In Raleigh, according to city planning administrator Travis Crane, “the post office doesn’t permit individual mailboxes anymore for new residential developments.”

That means owners of the $350,000 homes at Oakwood North will get their mail the same way apartment dwellers do: by walking or driving to a mail kiosk at the entrance to the neighborhood.

It’s the latest cost-cutting measure for the cash-strapped Postal Service. “There is significant cost savings in initiating all new delivery addresses with an efficient delivery method,” Postal Service spokeswoman Monica Coachman said.

Coachman says no estimates are available yet for the savings, but cluster mailboxes represent a “substantial cost difference” from curbside delivery – which is cheaper than front-door delivery common at older homes.

The “default mode” of delivery in new neighborhoods throughout North Carolina will now be cluster mailboxes. The change doesn’t apply to existing homes. “When notified of plans to construct new residences, the Postal Service will review the area in question and make a decision based on what is efficient and appropriate for that area,” Coachman said.

KB Homes, which is building Oakwood North, has already notified homebuyers and prospective homebuyers, spokeswoman Cara Kane said. “We continue to still have a very positive response in our Oakwood North community with great sales since opening earlier this year,” she wrote in an email.

But while the first house in Oakwood North is nearly complete, the cluster mailboxes haven’t been installed yet.
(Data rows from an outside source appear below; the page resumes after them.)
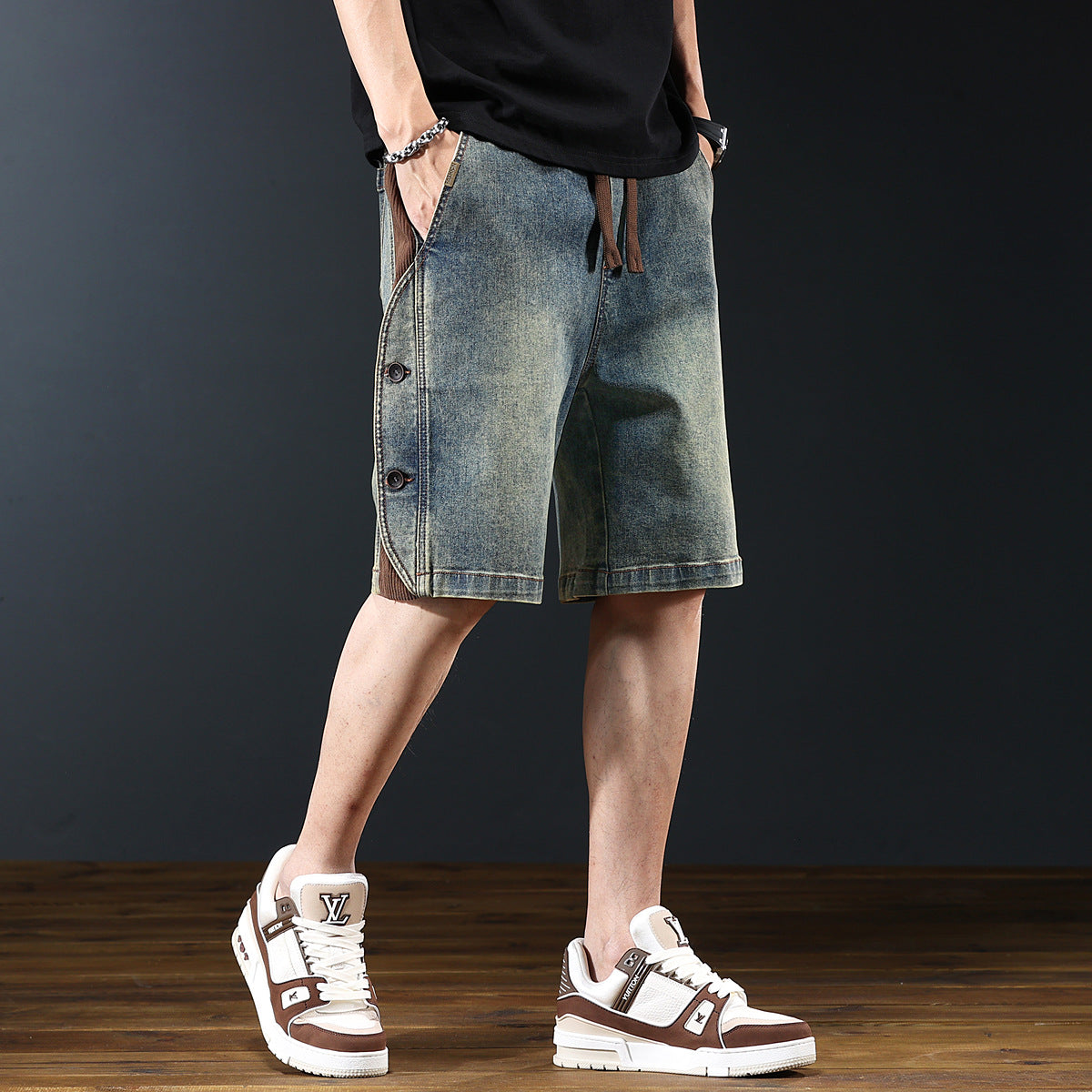 Loose Five Quarter Pants with Elastic Waist in Blue Denim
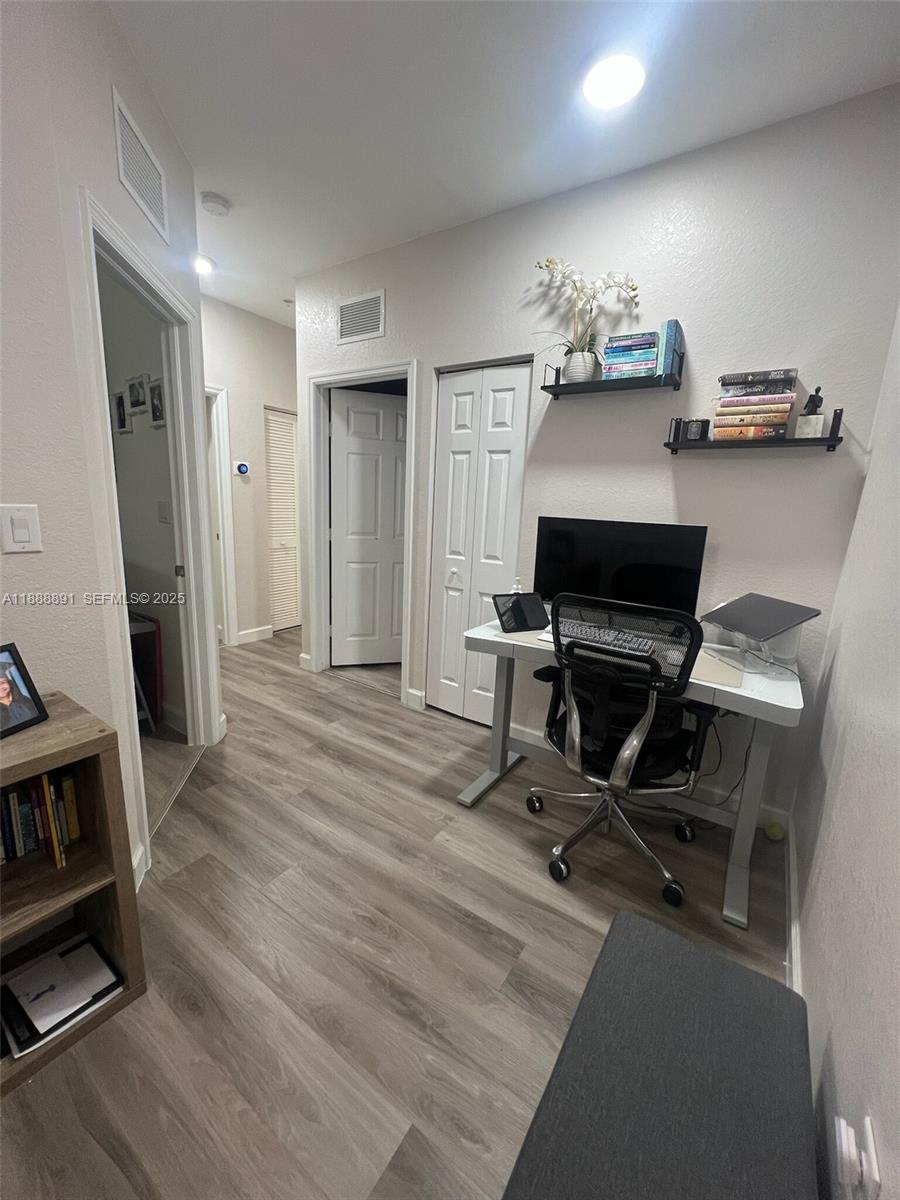 133 Se 28th Ter 9 Property Photo 9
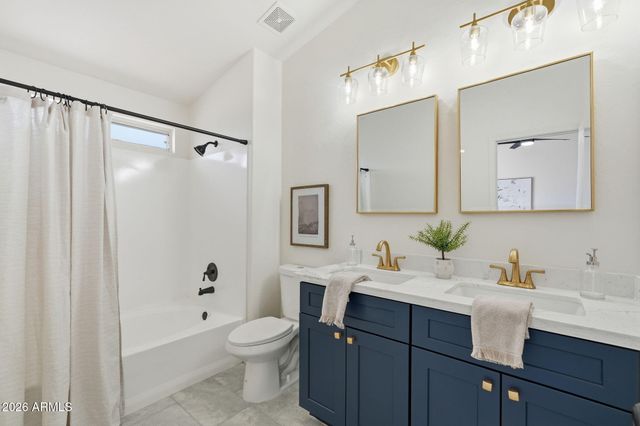 999 W 18TH Avenue, Apache Junction, AZ 85120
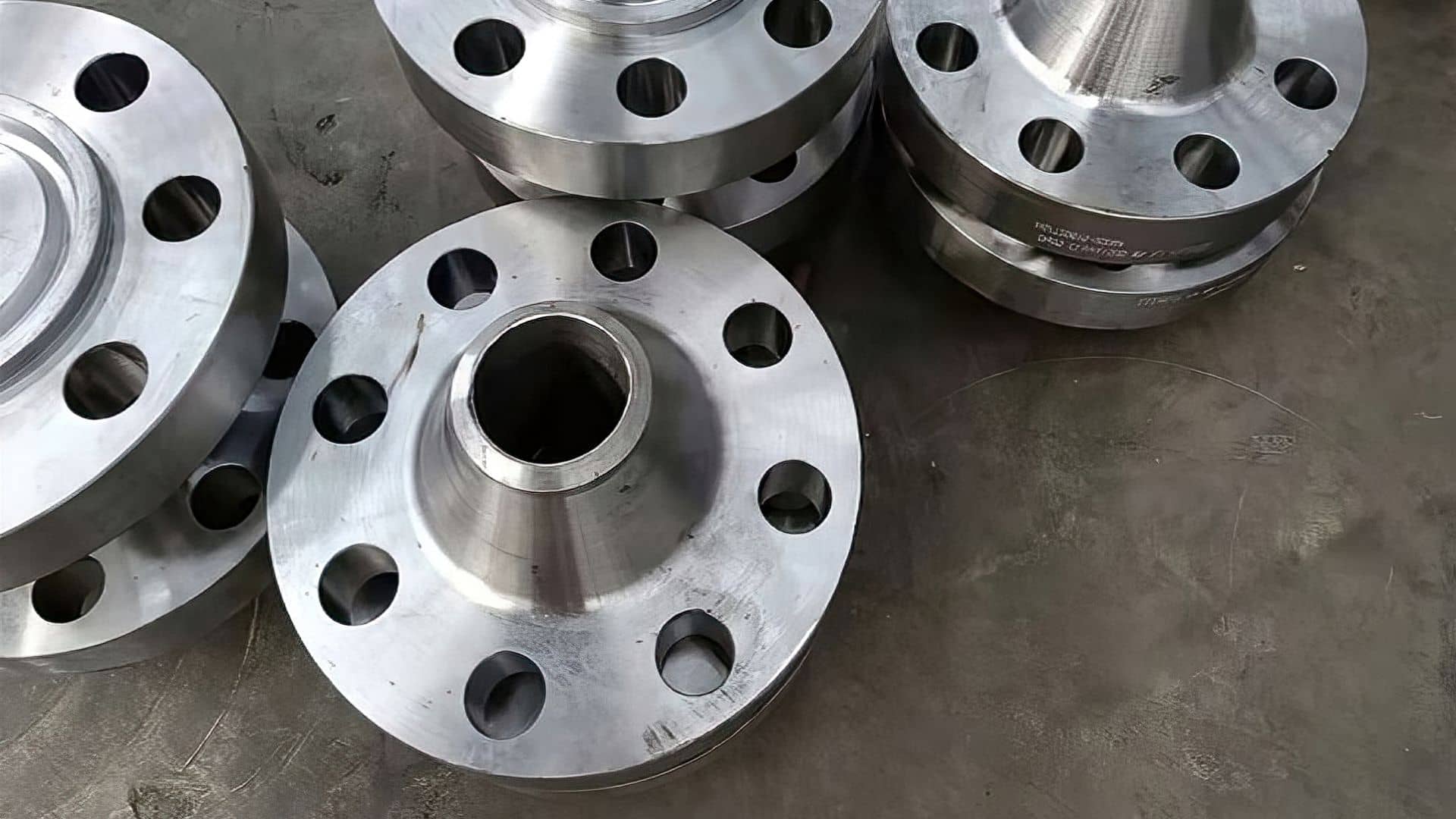 榫槽面带颈对焊法兰盘选购技巧及报价(图2)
Oakwood North and two other neighborhoods had to obtain a special permit from the Raleigh City Council on Tuesday to install the boxes next to the street.

“This is a rather new thing we’re trying to navigate,” Crane said, adding that future developers will need to make room on their property for mailboxes.

At Oakwood North and another subdivision that secured mailbox permits this week – Wimbledon off Falls of Neuse Road – no residents moved in before the mail delivery change was announced.

In Cary, however, new homeowners waited for weeks to get their first mail. It never came, and their subdivision didn’t have cluster mailboxes. They’ve been driving up to 20 minutes to pick up mail from a post office.